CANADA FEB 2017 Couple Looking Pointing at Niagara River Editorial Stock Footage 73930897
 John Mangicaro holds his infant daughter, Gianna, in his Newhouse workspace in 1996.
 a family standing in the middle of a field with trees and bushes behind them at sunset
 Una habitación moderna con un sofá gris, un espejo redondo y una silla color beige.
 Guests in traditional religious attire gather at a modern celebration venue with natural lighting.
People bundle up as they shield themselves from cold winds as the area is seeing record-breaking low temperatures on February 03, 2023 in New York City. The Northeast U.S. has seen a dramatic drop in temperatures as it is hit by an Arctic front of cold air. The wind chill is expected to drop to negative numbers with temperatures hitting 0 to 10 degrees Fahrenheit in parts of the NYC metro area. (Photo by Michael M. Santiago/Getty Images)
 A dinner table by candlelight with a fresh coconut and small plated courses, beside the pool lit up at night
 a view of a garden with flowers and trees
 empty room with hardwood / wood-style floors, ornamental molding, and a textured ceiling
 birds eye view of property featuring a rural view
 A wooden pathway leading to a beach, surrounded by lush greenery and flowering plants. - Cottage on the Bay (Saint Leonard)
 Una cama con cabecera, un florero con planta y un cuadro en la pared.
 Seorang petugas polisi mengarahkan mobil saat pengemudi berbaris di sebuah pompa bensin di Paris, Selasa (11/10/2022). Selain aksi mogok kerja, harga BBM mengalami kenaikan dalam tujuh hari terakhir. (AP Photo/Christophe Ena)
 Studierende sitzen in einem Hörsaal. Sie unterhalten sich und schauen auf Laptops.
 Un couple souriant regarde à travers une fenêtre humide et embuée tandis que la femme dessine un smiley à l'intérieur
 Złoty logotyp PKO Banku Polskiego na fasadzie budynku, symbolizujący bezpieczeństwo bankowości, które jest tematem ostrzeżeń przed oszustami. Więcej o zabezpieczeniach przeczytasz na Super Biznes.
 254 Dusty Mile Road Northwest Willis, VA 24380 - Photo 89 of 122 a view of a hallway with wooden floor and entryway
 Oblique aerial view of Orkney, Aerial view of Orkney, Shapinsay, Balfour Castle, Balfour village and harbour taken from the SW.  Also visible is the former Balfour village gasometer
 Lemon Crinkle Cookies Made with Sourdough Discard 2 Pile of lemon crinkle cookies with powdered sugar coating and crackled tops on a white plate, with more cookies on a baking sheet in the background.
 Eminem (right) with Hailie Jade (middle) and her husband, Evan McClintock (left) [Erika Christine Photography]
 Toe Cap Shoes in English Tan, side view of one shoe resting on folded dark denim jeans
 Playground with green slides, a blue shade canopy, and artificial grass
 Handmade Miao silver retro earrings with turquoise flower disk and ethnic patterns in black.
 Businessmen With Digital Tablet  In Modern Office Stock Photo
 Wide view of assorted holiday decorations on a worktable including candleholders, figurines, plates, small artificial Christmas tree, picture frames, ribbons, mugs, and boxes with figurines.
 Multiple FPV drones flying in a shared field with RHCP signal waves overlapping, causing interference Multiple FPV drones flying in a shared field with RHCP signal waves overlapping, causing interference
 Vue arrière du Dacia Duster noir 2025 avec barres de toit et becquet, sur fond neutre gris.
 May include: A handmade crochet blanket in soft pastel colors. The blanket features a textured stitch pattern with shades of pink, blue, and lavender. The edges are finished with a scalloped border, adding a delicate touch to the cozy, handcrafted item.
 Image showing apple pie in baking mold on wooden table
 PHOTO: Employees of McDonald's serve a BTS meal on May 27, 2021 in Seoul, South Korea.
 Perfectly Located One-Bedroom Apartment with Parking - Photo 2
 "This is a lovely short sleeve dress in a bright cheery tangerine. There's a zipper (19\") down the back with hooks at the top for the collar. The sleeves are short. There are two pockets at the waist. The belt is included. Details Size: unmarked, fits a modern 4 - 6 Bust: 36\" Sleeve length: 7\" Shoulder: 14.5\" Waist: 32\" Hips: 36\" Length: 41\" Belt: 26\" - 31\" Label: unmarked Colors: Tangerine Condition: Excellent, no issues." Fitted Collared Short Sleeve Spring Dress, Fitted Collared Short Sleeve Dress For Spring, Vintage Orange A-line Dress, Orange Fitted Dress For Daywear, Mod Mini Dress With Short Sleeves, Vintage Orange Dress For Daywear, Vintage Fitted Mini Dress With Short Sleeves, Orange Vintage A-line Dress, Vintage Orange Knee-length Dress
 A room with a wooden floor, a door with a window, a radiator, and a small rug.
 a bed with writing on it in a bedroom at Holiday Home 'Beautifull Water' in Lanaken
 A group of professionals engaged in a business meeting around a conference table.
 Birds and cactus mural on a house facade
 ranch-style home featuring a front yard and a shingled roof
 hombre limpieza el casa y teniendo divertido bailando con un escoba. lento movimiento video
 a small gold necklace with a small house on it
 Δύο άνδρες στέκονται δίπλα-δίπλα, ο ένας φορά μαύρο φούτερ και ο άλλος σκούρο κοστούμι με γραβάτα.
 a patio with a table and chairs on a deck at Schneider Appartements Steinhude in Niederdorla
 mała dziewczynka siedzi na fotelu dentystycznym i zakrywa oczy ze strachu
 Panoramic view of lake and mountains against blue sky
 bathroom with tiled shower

_ _ _ _

• _ACTION ITEM_
Your task is to copy every line in the entries that holds the string "front".

• _THE COMPLETED TASK_
People bundle up as they shield themselves from cold winds as the area is seeing record-breaking low temperatures on February 03, 2023 in New York City. The Northeast U.S. has seen a dramatic drop in temperatures as it is hit by an Arctic front of cold air. The wind chill is expected to drop to negative numbers with temperatures hitting 0 to 10 degrees Fahrenheit in parts of the NYC metro area. (Photo by Michael M. Santiago/Getty Images)
 ranch-style home featuring a front yard and a shingled roof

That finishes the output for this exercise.